This holiday season, more than 300 Disney Stores are putting an old favorite back in the Walt Disney Co. stocking: cash.
The Burbank entertainment company in 2004 sold its problematic U.S. and Canadian retail shops to Children’s Place Retail Stores Inc. Now that move is paying off big time. Under terms of the deal, Disney in November started receiving licensing fees equal to 5% of the stores’ revenue.
Sales are exceeding expectations, and surging as Christmas approaches. Sales in Disney Stores open at least a year were up 15% in the first 11 months of 2006 and 23% in November, growth that Children’s Place attributed to “our merchandise strategies and appetite for popular franchises.”
On a recent weekday afternoon at the Glendale Galleria, a dozen customers stood in a fast-moving line to buy plush Mickeys and Minnies, toy automobiles spun off from the movie “Cars” and assorted Princess dolls.
“It’s better organized and more adult-friendly,” said shopper Hun Lee, 36, who popped in and out with a brace of stuffed mice for his 4-year-old daughter. “The lines used to be ridiculous.”
Disney stands to take in more than $30 million in the year to come. That’s not much for a company with more than $3 billion in annual profit. But it beats the red ink Disney Stores generated before the chain was jettisoned.
Even under new ownership, the stores remain invaluable in burnishing the Disney brand, because many more people go inside them than cross the turnstiles at its theme parks. They also provide massive promotion for Disney movies and shows by running clips on the multiple in-store screens and by giving prominent display to the latest characters.
Synergy with Disney’s entertainment operations was always the goal, dating back to when the stores opened under former Chief Executive Michael Eisner. But shoppers were eventually turned off when the stores shilled merchandise from poorly received movies.

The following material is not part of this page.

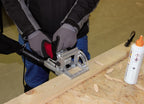 Einhell Flachdübelfräse TC-BJ 900 (860 W, 14 mm, Winkel- und Höheneinstellung, Staubfangsack)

“There was a heavy reliance on having synergy programs on at times of the year when it didn’t match a traditional retail calendar,” said consultant Peter Whitford, who ran the stores from 2001 to 2003.

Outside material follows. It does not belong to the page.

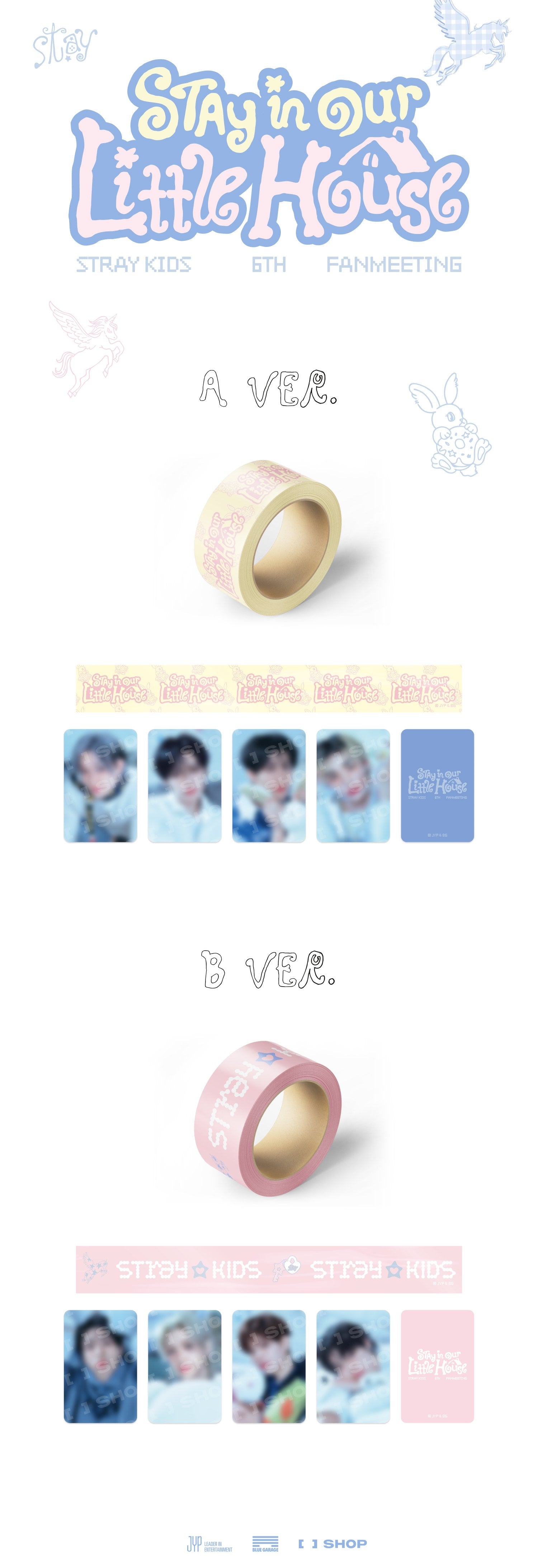 STRAY KIDS - BOX TAPE SET [STAY in Our Little House]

Disney also stocked the shelves with high-priced and high-margin items, suffered from weak management and expanded too much, to more than 700 shops worldwide. It still owns Disney Stores in Europe.
“They opened so many of them that they each ceased to be special, and then you’re just another retailer -- which is a very tough business to run profitably,” said Marty Brochstein, who edits the Licensing Letter.
After closing hundreds of stores, Disney did manage to turn a small profit at the remainder. But it wasn’t worth the aggravation, and after a year of looking for a buyer, Disney sold to Children’s Place for just the cost of the chain’s inventory. Best known for kids’ clothing, the Secaucus, N.J.-based company also operates a larger chain under the Children’s Place name.
The sale was for so much less than the net worth of the stores that to follow accounting rules, Children’s Place later wrote down the $48 million in property and equipment it had acquired to zero.
Under a 15-year licensing agreement, Children’s Place until last month enjoyed a “royalty holiday” free from payments to Disney while it revamped the operation. When the stores begin online sales in April, Disney will get a 9% to 10% royalty on those transactions.
Retail analysts say Children’s Place has succeeded by offering a mix of prices, securing products directly from Asian manufacturers and responding quickly to what customers are buying -- even if it’s from a movie that came out years ago. Children’s Place also has benefited from Disney’s much-improved performance at the box office and such runaway TV-driven successes as “High School Musical.”
If Disney Stores’ resurgence under new ownership is something of a rebuke to the company’s past efforts, it’s also a vindication of the broader steps taken to improve the profitability of Disney’s consumer products.
“We decided it was better to have a steady flow of royalty payments, versus a very uncertain, vertically integrated retail operation,” Disney spokesman Gary Foster said.
Disney has stepped back from micro-management and opened the floodgates, permitting the use of its characters on inexpensive cereals, high-end clothing and other goods in what is now the world’s largest licensing program. The House of Mouse also has gotten more deeply involved with big retailers, giving them exclusive rights to specific items and thus a vested interest in promoting them.
As a result, Disney’s consumer products unit, the smallest of Disney’s four divisions, is now responsible for $23 billion a year in overall retail sales. In the fiscal year that ended Sept. 30, the division reported an operating profit of $618 million on revenue of $2.2 billion. Three years earlier, the unit had a profit of only $384 million even though revenue was slightly higher, at $2.3 billion.
It also helps that Disney managers don’t have the stores as a distraction. And the change has made it easier to do business with more retailers, since Disney is no longer competing against them head-to-head.
“The licensing model is a great model,” Whitford said. “Retail is very different.”